TASK STATEMENT> Return copies of the lines below that mention "Used".

MATERIAL FOR THE TASK below:

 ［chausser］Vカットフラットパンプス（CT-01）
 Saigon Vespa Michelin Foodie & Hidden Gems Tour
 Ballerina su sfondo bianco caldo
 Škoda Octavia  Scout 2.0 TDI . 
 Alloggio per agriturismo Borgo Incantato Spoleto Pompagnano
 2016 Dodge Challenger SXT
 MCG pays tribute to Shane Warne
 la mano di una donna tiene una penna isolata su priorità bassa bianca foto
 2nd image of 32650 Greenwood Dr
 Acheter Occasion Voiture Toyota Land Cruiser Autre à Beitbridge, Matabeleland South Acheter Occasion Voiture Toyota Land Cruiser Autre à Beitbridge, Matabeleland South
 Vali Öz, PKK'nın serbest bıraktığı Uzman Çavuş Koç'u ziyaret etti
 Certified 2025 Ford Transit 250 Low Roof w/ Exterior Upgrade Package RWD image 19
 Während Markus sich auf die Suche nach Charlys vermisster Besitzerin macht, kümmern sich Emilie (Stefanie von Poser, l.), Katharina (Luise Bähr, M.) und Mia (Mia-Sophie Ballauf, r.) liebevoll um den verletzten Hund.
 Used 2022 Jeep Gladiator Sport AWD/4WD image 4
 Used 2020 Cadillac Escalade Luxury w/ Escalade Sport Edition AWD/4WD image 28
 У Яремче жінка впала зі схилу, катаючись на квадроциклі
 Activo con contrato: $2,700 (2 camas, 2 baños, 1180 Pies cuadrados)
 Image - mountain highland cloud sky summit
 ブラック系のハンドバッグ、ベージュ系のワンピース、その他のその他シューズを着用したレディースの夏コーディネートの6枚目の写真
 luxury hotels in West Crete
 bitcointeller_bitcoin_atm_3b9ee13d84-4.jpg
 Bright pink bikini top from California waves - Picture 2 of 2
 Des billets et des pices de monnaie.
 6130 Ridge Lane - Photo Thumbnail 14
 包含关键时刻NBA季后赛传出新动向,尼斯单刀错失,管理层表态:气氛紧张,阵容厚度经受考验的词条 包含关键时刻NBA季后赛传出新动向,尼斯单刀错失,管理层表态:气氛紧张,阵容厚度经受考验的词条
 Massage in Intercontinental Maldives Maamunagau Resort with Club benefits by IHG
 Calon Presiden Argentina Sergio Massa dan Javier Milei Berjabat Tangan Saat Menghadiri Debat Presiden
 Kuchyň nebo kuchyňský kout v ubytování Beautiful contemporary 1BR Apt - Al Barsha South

End of MATERIAL FOR THE TASK.

YOUR RESPONSE>
 Used 2022 Jeep Gladiator Sport AWD/4WD image 4
 Used 2020 Cadillac Escalade Luxury w/ Escalade Sport Edition AWD/4WD image 28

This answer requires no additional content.